The following is reproduced from the publication in order to aid interpretation:
Description for each of the feature groups [A-J]
- A. 46-Way Sequence Conservation: based on multiple sequence alignment scores, at the nucleotide level, of 46 vertebrate genomes compared with the human genome.
- B. Histone Modifications (ChIP-Seq): based on ChIP-Seq peak calls for histone modifications.
- C. Transcription Factor Binding Sites (TFBS PeakSeq): based on PeakSeq peak calls for various transcription factors.
- D. Open Chromatin (DNase-Seq): based on DNase-Seq peak calls.
- E. 100-Way Sequence Conservation: based on multiple sequence alignment scores, at the nucleotide level, of 100 vertebrate genomes compared with the human genome.
- F. GC Content: based on a single measure for GC content calculated using a span of five nucleotide bases from the UCSC Genome Browser.
- G. Open Chromatin (FAIRE): based on formaldehyde-assisted isolation of regulatory elements (FAIRE) peak calls.
- H. Transcription Factor Binding Sites (TFBS SPP): based on SPP peak calls for various transcription factors.
- I. Genome Segmentation: based on genome-segmentation states using a consensus merge of segmentations produced by the ChromHMM and Segway software.
- J. Footprints: based on annotations describing DNA footprints across cell types from ENCODE.
Please note: The current FATHMM-MKL algorithm is trained on the human gene mutation database (The HGMD database http://www.hgmd.cf.ac.uk/ac/index.php), which now also contains somatic variants. Results from the current available version of FATHMM-MKL can be used/has been used for somatic variants, but the user should be aware of the caveats. The cancer specific version of FATHMM-MKL is under development and when available these scores will be updated.

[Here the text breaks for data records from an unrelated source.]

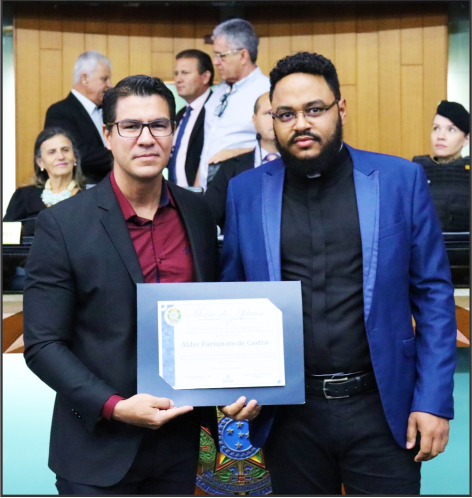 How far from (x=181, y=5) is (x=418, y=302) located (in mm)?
5427

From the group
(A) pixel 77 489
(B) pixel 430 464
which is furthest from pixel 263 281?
(B) pixel 430 464

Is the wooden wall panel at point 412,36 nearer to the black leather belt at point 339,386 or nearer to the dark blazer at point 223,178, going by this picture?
the dark blazer at point 223,178

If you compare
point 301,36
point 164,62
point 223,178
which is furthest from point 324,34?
point 223,178

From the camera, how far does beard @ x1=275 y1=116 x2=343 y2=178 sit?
1839mm

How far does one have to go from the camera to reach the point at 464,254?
329cm

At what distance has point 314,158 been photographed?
1837 mm

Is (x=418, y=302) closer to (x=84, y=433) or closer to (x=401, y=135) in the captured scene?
(x=84, y=433)

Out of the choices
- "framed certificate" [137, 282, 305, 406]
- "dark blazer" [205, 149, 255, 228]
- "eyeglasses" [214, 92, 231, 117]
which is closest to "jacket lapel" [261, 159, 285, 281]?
"framed certificate" [137, 282, 305, 406]

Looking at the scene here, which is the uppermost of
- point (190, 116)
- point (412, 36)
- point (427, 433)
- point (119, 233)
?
point (412, 36)

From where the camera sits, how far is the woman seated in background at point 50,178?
4.38m

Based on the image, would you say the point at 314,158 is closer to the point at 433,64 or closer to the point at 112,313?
the point at 112,313

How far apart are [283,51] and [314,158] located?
5138mm

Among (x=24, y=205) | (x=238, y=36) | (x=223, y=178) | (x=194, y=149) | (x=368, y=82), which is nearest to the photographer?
(x=223, y=178)

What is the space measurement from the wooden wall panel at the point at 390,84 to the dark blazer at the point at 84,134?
2892 millimetres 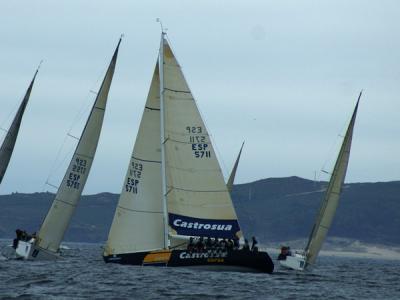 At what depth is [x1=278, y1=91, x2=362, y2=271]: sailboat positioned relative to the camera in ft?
199

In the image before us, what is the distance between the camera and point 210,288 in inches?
1464

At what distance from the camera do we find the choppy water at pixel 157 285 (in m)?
34.6

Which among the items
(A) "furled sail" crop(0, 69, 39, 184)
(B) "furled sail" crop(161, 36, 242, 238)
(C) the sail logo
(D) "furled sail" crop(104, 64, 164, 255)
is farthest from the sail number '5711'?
(A) "furled sail" crop(0, 69, 39, 184)

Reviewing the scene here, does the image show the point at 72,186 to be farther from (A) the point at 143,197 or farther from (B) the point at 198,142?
(B) the point at 198,142

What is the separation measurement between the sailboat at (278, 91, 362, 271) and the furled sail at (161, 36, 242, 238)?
16533 mm

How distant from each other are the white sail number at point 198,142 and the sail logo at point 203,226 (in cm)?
277

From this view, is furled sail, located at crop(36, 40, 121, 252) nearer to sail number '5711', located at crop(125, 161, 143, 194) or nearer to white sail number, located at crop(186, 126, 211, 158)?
sail number '5711', located at crop(125, 161, 143, 194)

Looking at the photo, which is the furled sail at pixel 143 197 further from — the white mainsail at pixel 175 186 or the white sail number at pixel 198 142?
the white sail number at pixel 198 142

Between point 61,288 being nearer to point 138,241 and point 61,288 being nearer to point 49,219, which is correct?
point 138,241

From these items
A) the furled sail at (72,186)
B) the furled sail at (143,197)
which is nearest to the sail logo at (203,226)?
the furled sail at (143,197)

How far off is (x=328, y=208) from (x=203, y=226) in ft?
56.7

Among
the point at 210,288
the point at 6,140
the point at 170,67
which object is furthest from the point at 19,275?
the point at 6,140

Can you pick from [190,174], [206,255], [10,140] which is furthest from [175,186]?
[10,140]

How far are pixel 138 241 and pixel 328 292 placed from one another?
9.64 metres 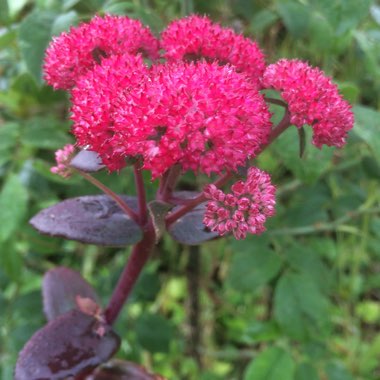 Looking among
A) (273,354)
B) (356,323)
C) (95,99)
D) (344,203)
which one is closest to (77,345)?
(95,99)

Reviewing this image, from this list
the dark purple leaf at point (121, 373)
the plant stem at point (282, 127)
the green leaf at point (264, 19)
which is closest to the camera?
the plant stem at point (282, 127)

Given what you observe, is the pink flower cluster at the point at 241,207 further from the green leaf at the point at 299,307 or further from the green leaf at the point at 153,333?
the green leaf at the point at 153,333

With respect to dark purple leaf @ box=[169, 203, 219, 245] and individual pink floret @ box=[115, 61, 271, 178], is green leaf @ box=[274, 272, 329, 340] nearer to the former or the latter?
dark purple leaf @ box=[169, 203, 219, 245]

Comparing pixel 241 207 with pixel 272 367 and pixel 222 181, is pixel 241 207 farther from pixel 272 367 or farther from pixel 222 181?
pixel 272 367

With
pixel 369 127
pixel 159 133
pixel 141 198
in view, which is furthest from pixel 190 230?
pixel 369 127

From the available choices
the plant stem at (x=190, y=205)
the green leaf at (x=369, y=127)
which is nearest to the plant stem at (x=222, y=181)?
the plant stem at (x=190, y=205)

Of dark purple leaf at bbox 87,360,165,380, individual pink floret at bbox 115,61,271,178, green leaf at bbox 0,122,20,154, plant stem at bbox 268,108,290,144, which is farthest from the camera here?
green leaf at bbox 0,122,20,154

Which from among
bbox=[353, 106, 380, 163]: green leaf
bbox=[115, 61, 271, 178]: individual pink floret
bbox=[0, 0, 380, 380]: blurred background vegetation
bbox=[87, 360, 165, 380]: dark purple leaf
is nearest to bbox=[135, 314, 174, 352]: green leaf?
bbox=[0, 0, 380, 380]: blurred background vegetation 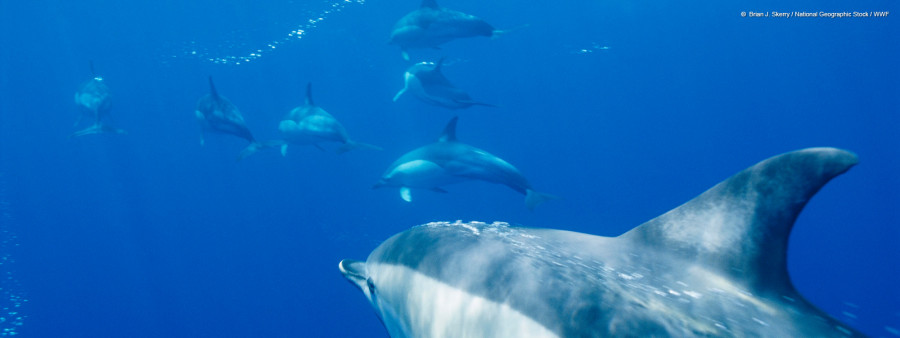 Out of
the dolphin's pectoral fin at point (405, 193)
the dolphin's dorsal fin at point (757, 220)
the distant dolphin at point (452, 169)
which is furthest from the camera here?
the dolphin's pectoral fin at point (405, 193)

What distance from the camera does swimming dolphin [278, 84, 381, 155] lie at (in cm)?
909

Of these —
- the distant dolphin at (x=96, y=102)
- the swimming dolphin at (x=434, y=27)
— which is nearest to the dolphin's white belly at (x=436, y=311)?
the swimming dolphin at (x=434, y=27)

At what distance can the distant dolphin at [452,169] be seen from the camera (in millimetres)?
8188

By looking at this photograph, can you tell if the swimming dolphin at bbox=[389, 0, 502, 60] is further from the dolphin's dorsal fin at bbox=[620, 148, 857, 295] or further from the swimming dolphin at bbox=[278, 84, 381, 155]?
the dolphin's dorsal fin at bbox=[620, 148, 857, 295]

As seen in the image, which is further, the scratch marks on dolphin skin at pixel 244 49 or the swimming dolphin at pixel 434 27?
the scratch marks on dolphin skin at pixel 244 49

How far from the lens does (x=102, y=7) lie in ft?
112

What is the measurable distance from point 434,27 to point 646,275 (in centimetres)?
869

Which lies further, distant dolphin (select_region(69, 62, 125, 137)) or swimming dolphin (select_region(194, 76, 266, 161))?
distant dolphin (select_region(69, 62, 125, 137))

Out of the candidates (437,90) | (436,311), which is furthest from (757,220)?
(437,90)

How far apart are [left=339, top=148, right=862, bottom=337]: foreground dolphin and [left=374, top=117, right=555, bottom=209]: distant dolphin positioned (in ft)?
19.3

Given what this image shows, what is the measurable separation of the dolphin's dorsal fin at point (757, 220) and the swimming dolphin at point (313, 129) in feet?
24.3

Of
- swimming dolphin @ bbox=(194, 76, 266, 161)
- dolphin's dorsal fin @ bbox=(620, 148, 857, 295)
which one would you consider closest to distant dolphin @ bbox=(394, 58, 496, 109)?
swimming dolphin @ bbox=(194, 76, 266, 161)

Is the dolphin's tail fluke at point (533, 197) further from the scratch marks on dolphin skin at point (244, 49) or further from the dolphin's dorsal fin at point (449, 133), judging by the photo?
the scratch marks on dolphin skin at point (244, 49)

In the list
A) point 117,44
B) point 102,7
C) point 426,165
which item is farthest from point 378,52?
point 426,165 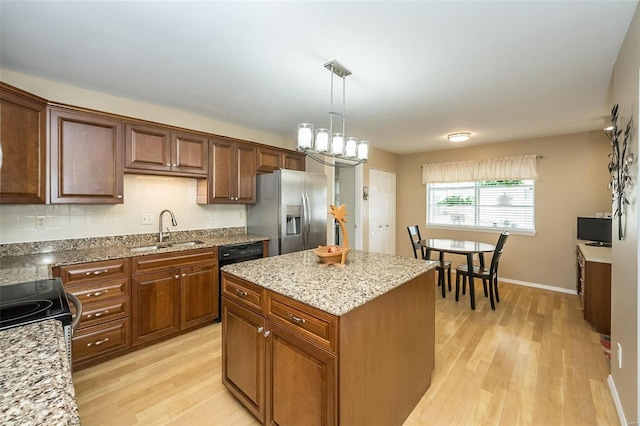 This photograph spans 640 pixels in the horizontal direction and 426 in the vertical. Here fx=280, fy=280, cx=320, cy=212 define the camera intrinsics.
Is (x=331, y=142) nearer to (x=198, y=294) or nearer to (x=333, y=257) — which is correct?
(x=333, y=257)

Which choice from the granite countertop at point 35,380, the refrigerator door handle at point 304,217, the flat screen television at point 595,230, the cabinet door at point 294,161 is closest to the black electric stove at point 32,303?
the granite countertop at point 35,380

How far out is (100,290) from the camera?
Result: 2330 millimetres

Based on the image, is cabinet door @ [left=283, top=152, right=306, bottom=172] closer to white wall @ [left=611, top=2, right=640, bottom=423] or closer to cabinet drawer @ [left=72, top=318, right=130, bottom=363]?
cabinet drawer @ [left=72, top=318, right=130, bottom=363]

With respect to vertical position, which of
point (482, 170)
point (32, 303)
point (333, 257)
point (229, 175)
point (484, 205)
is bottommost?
point (32, 303)

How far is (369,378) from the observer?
1.40 metres

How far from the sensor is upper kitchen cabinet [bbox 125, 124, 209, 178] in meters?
2.72

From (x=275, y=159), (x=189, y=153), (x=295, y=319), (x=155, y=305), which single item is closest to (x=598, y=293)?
(x=295, y=319)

- Papaemmanuil E, et al (2011). N Engl J Med 365(15):1384-1395.
- Ye K, Schulz MH, Long Q, Apweiler R, & Ning Z (2009). Bioinformatics 25(21):2865-2871.
- Exome Variant Server, NHLBI GO Exome Sequencing Project (ESP), Seattle, WA (URL: http://evs.gs.washington.edu/EVS/) [Accessed 13/11/2012].
- Barretina J, et al (2012). Nature. 483(7391):603-607.
- Abaan OD, Cancer Res (2013) 73(14):4372-4382.